***** Record excerpts

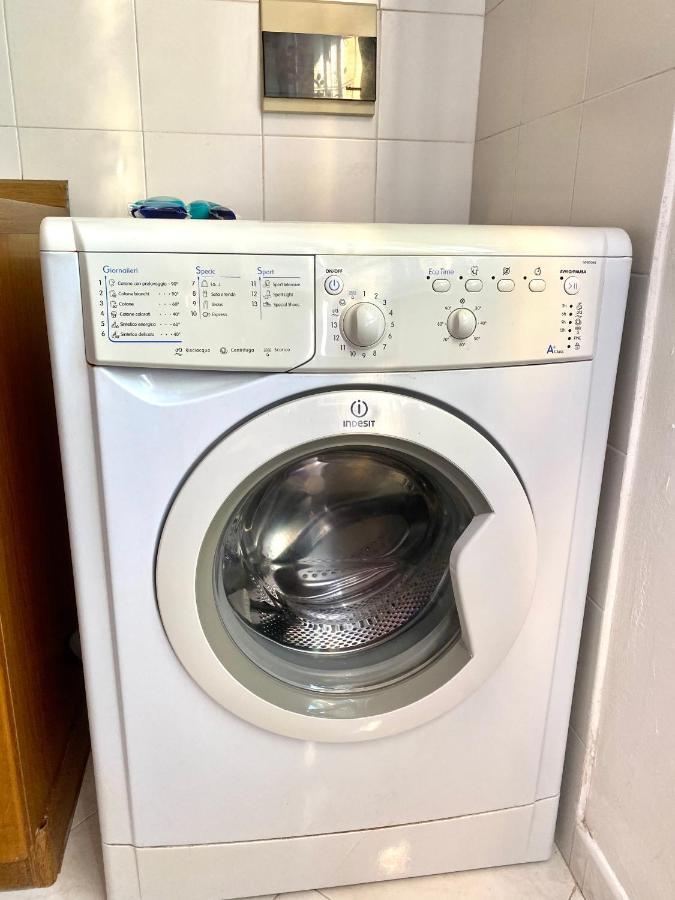 Borgo Prino Lejlighed Imperia Eksteriør billede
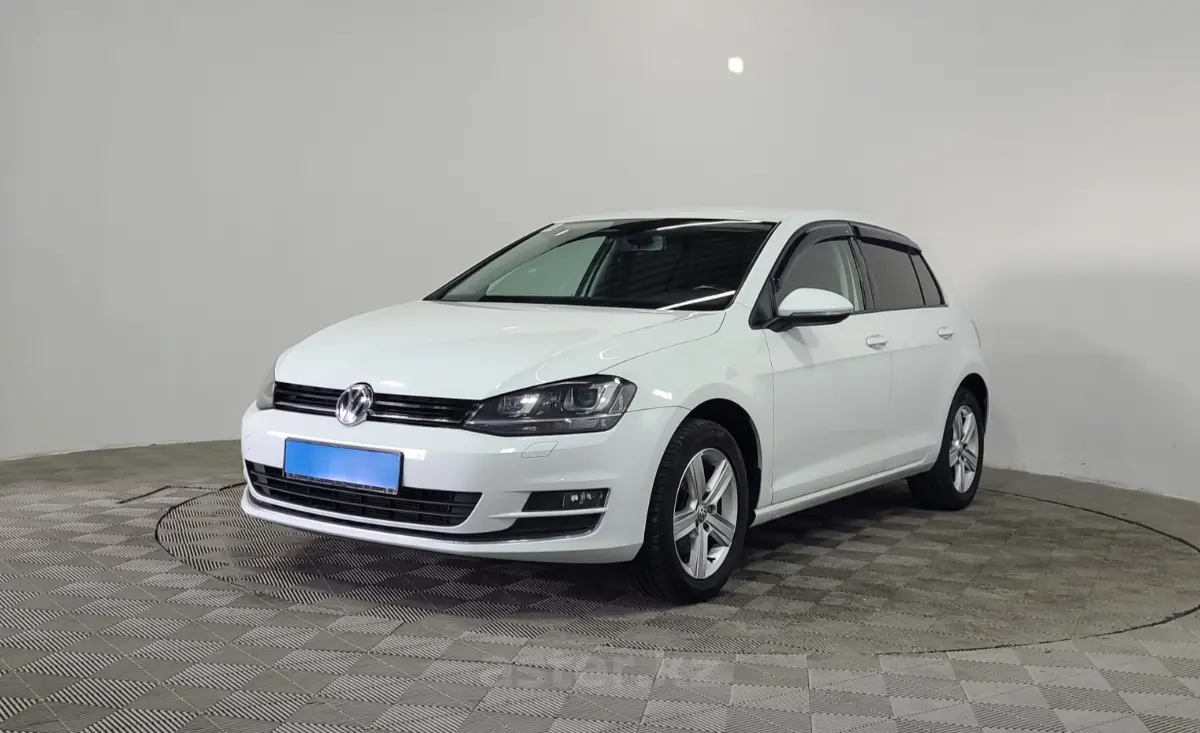 2014 Volkswagen Golf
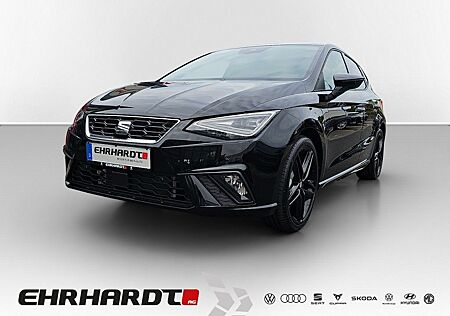 Seat Ibiza 1.0 TSI DSG FR Black Edition VIRTUAL*NAVI*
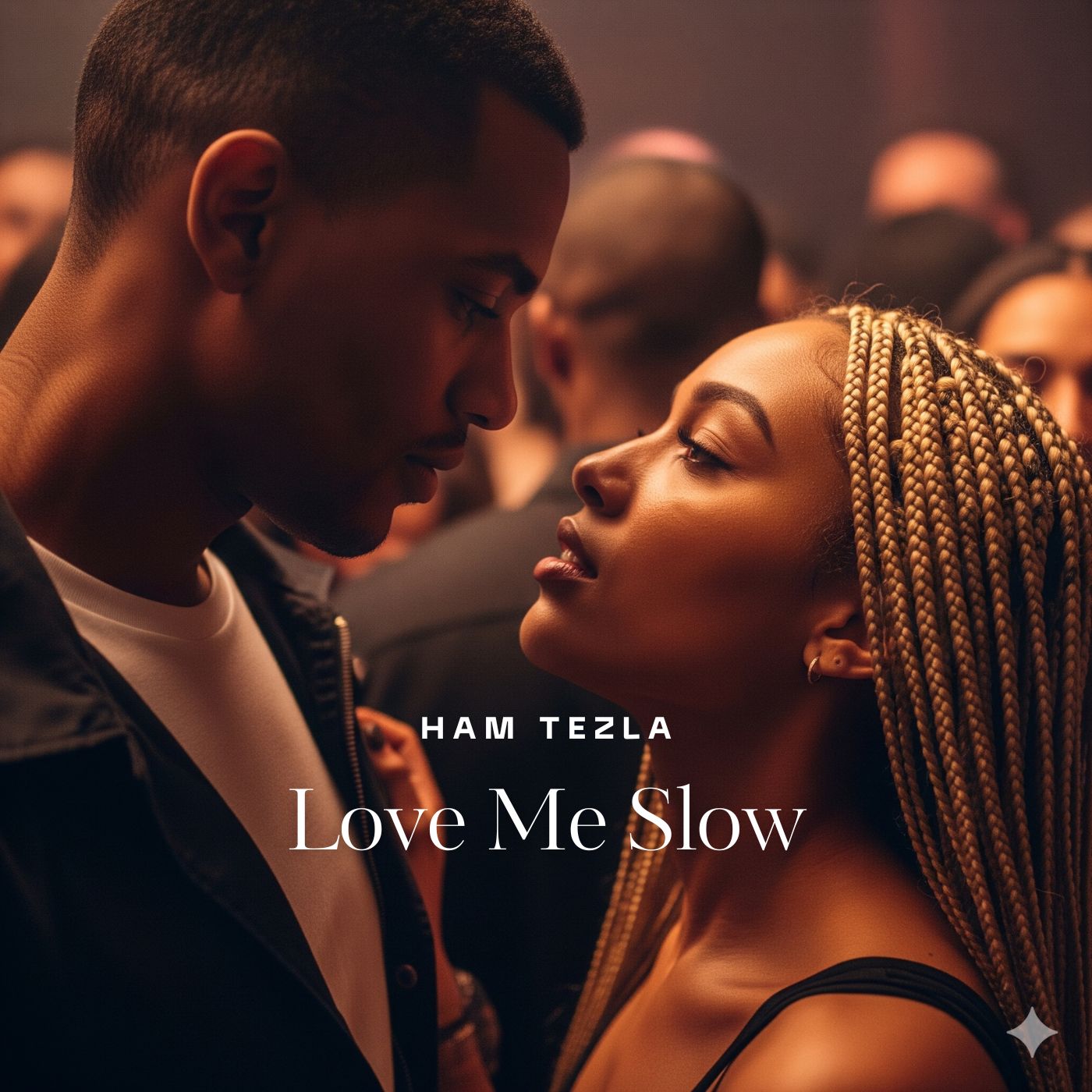 Love me slow Art
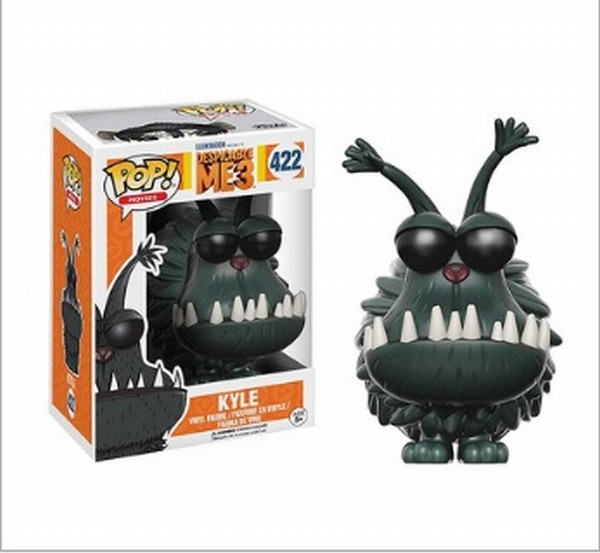 FUNKO POP 422��͵�ֳ̰��ﹷ ��װ�ְ�ڼ�ģ�� 10CM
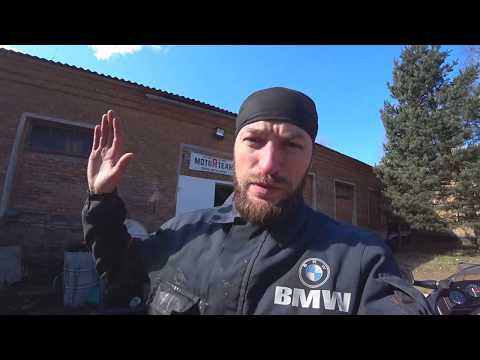 Видео: Блок ABS BMW K1200GT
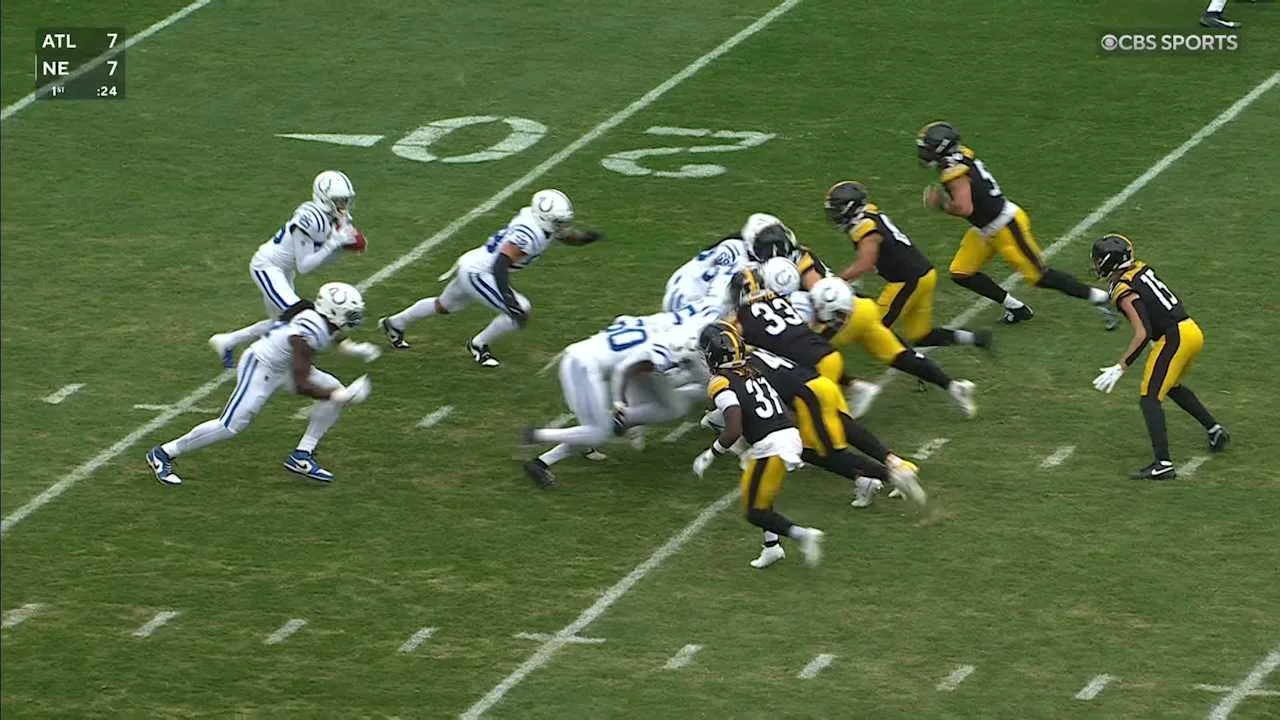 Fake punt first down Indys special teams trickery 20251102 205536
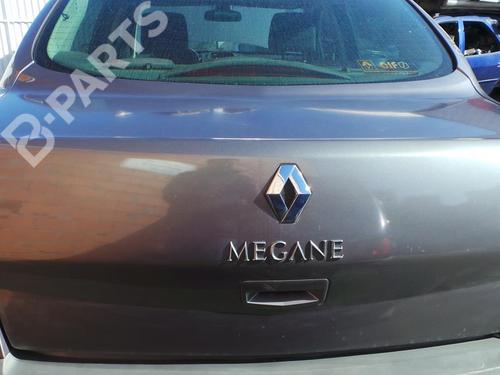 Tailgate RENAULT MEGANE II Saloon (LM0/1_) 1.5 dCi (LM02, LM13, LM2A) | BP5095555C6 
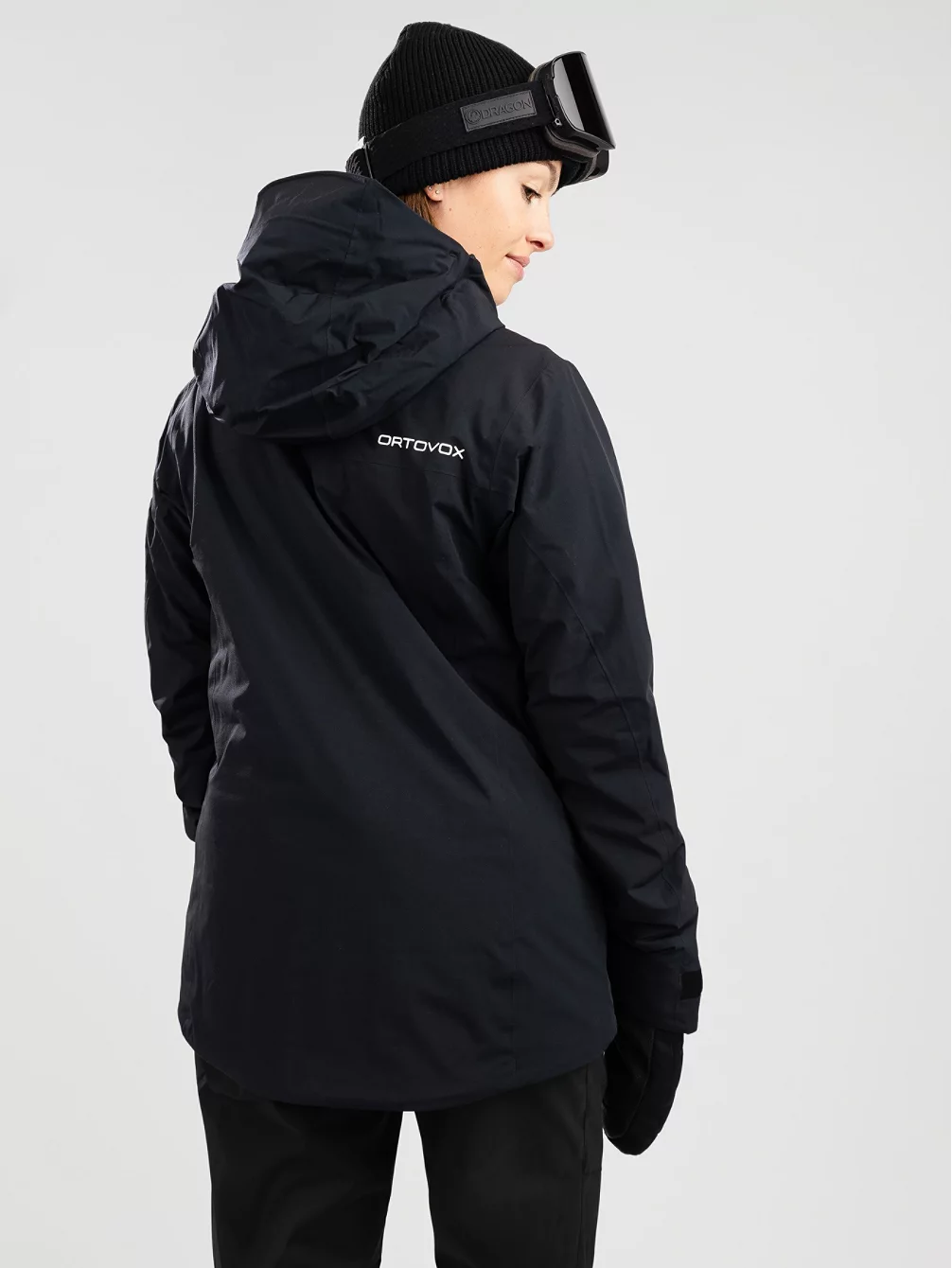 Ortovox 2L Swisswool Sedrun Jacket 4 Ortovox 2L Swisswool Sedrun Jacket – Bild 2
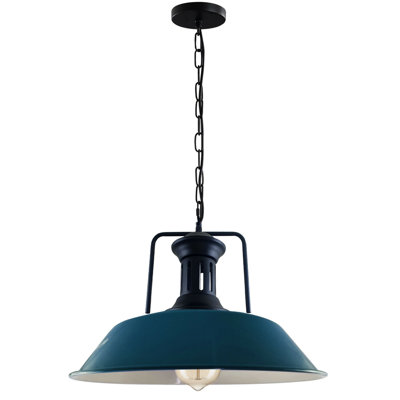 Daigle 1 - Light Dome Pendant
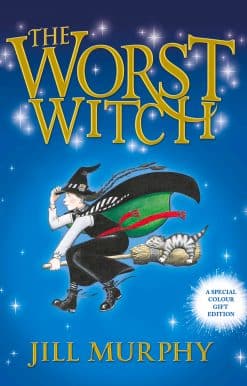 The Worst Witch (Colour Gift Edition)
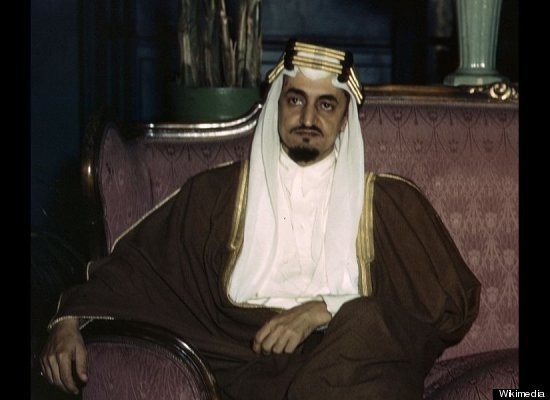 Regele Ibn-Saud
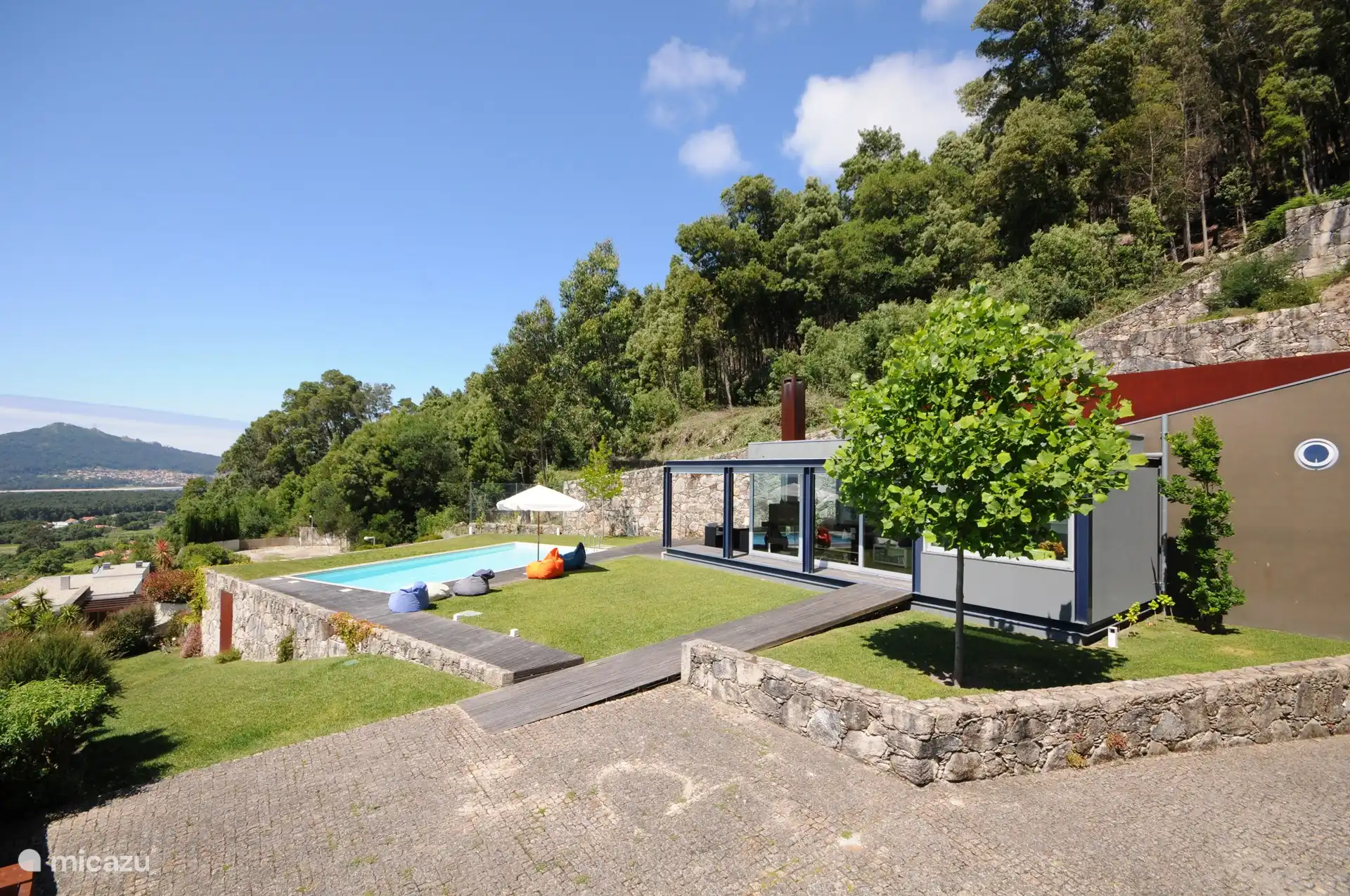 Villa Sefarina mit privatem Pool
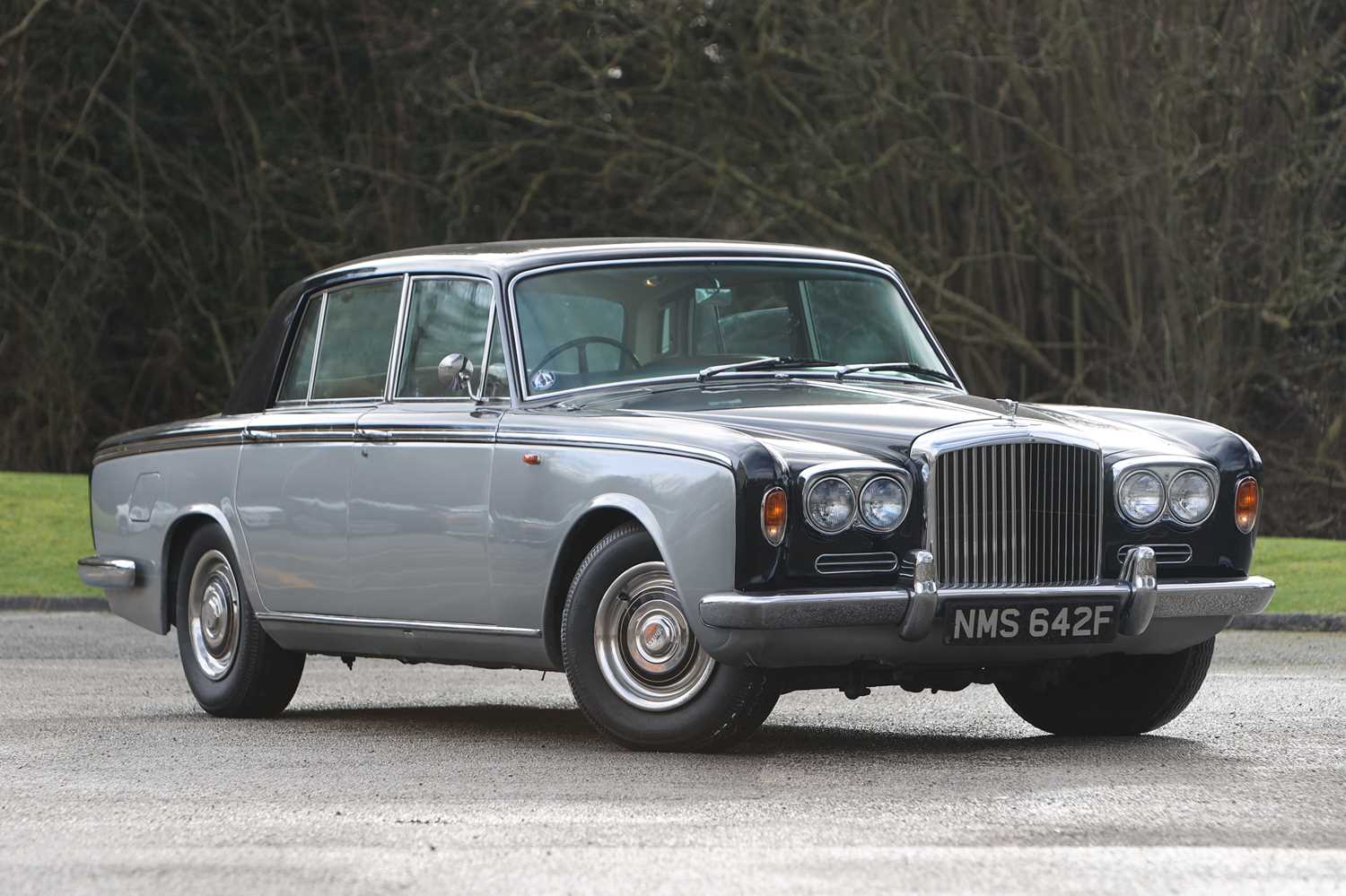 Lot 183 - 1968 Bentley T1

**********

(Exercise objective): A word-for-word copy of all the data, without pictures, is the expected output.

(Task response):
 Borgo Prino Lejlighed Imperia Eksteriør billede
 2014 Volkswagen Golf
 Seat Ibiza 1.0 TSI DSG FR Black Edition VIRTUAL*NAVI*
 Love me slow Art
 FUNKO POP 422��͵�ֳ̰��ﹷ ��װ�ְ�ڼ�ģ�� 10CM
 Видео: Блок ABS BMW K1200GT
 Fake punt first down Indys special teams trickery 20251102 205536
 Tailgate RENAULT MEGANE II Saloon (LM0/1_) 1.5 dCi (LM02, LM13, LM2A) | BP5095555C6 
 Ortovox 2L Swisswool Sedrun Jacket 4 Ortovox 2L Swisswool Sedrun Jacket – Bild 2
 Daigle 1 - Light Dome Pendant
 The Worst Witch (Colour Gift Edition)
 Regele Ibn-Saud
 Villa Sefarina mit privatem Pool
 Lot 183 - 1968 Bentley T1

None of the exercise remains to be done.